Scraped caption text data
········
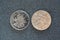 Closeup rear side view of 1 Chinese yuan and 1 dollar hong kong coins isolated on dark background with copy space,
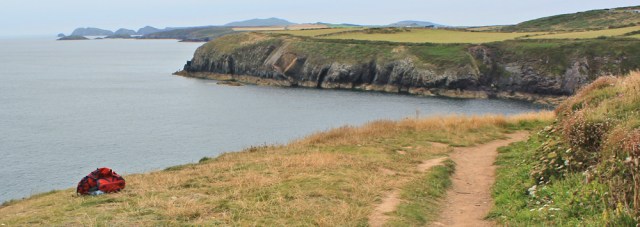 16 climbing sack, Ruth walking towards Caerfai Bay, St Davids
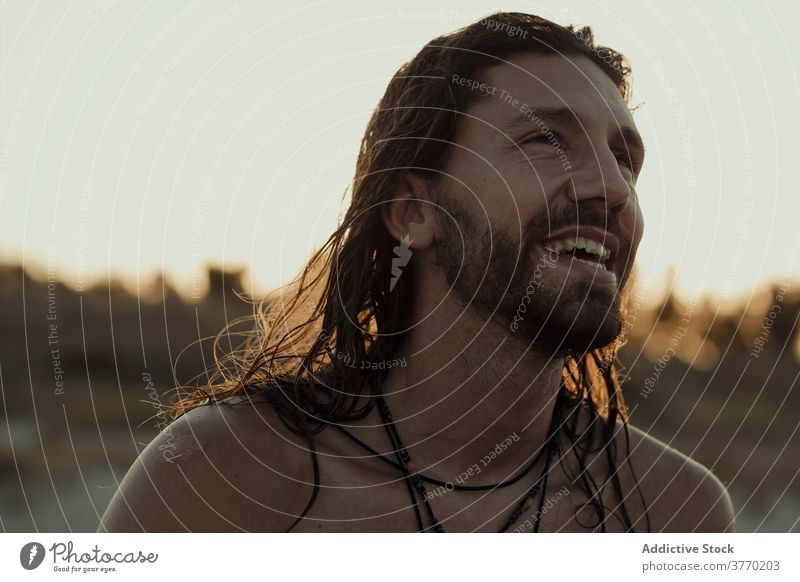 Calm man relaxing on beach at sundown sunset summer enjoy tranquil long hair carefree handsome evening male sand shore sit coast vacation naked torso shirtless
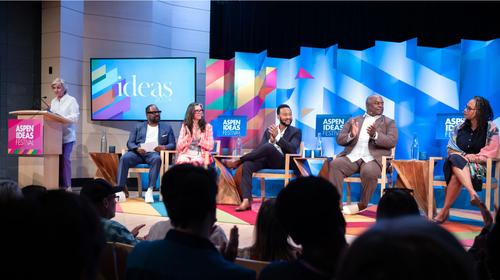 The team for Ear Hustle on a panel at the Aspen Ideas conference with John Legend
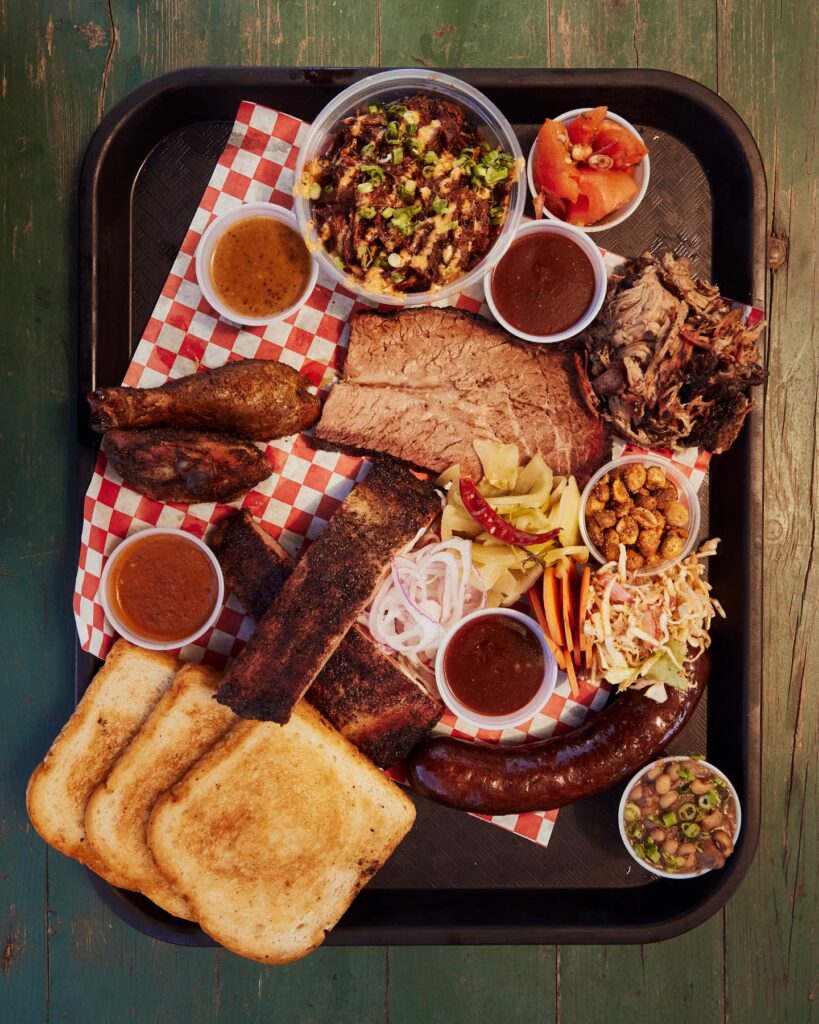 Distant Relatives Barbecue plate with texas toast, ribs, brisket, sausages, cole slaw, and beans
········
#### [Work request]
Every entry should be repeated verbatim, with the pictures left out.

#### [Result for this task]
 Closeup rear side view of 1 Chinese yuan and 1 dollar hong kong coins isolated on dark background with copy space,
 16 climbing sack, Ruth walking towards Caerfai Bay, St Davids
 Calm man relaxing on beach at sundown sunset summer enjoy tranquil long hair carefree handsome evening male sand shore sit coast vacation naked torso shirtless
 The team for Ear Hustle on a panel at the Aspen Ideas conference with John Legend
 Distant Relatives Barbecue plate with texas toast, ribs, brisket, sausages, cole slaw, and beans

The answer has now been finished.